It cost me the electricity cost to run the server, plus the cost of my internet. I suppose you should include the initial hardware cost- my servers are basically my old gaming rigs. Not to mention the time investment to maintain another service. For me, it's worth it to self-host if I can.
Specifically for lemmy, I seen how overloaded the various major lemmy instances out there were, so self hosting could mean one less user on those instances. I also didn't see any significant drawbacks to self-hosting the instance since I can still join and communicate with all the other communities.
I tried out my own, one person instance, and I had a hard time getting comments to pull in. I would have to browse to the original instance to view all of the comments. Have you found a good way to overcome that?

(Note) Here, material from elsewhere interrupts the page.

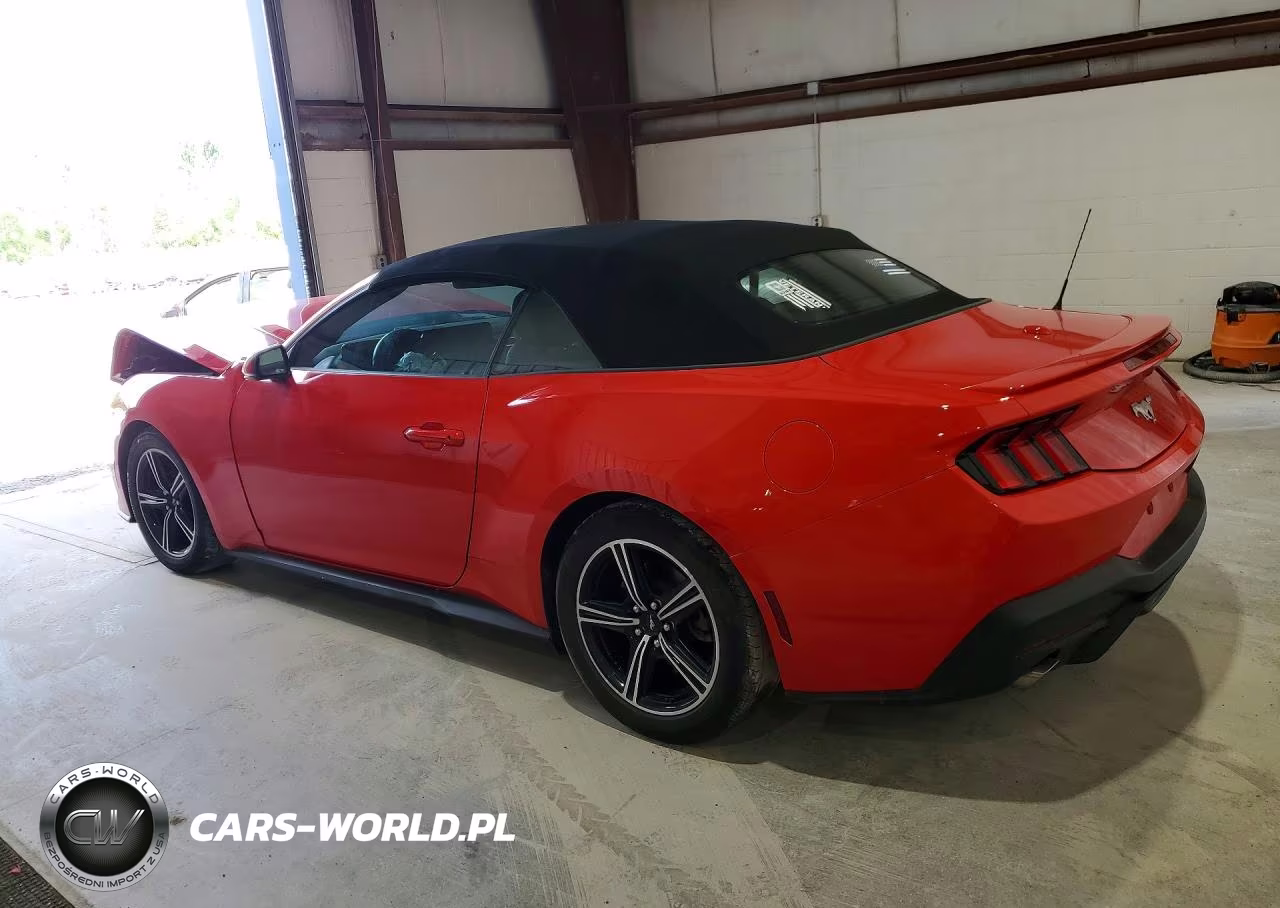 2024 Ford Mustang VIN:1FAGP8UH2R5119389 - 2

I switched back to a more public instance just because I found the process of going out to view the content, back to my own instance if I wanted to comment, then back to the original again to keep reading the discussion very tedious.
Being on a more populated server seems to give most if not all of the comments directly.
When you first subscribe to a community it only pulls in the last 20 or so posts and I think a limited amount of comments, and then everything going forward. This seems to be a common point of confusion for a lot of instance admins.
Presumably this is to prevent a possible DDoS/performance failure vector as it would be trivial to setup a large swarm of instances on tiny VM's and then simultaneously start hitting massive communities from a single instance and requesting a large body of historical content.
Edit: Also when you first setup and start subscribing to a large number of instances, this initiates a LOT of communication and database writes. Lemmy still has some performance bottlenecks. Once everything is initially synced and settled it runs fine. I have a friend running their instance on a $5 Linode instance that only has 1vCPU and 1GB of RAM without any issues, and they're hosting users.
I do because I want to control my data and it runs on a VPS that also serves as my email server, amongst other small things. I pay about $20 USD a month which is nothing to keep my data from grubby hands. Though I must admit it was a lot of work getting my mail server running smoothly and it requires some tlc every now and again.
I am already hosting the AI Horde so I'm good with infrastructure. And since lemmy provided an ansible playbook which is my expertise, I thought it would be easy. And it was, even with my using my own loadbalancer solution instead of nginx.
I already had a server I wasn't using much for the AI Horde so I repurposed it. The DB physical I have is really good so I just made it share the DB for lemmy as well.
I pay for it from the same budget which runs on donations. I put a Kofi link on the sidebar and already covered so much of the costs that I sent some of the overflow to lemmy development
I am doing it because it is fun and it is a way to try to understand how things work. I am still not sure whether my answers successfully propagate to all servers.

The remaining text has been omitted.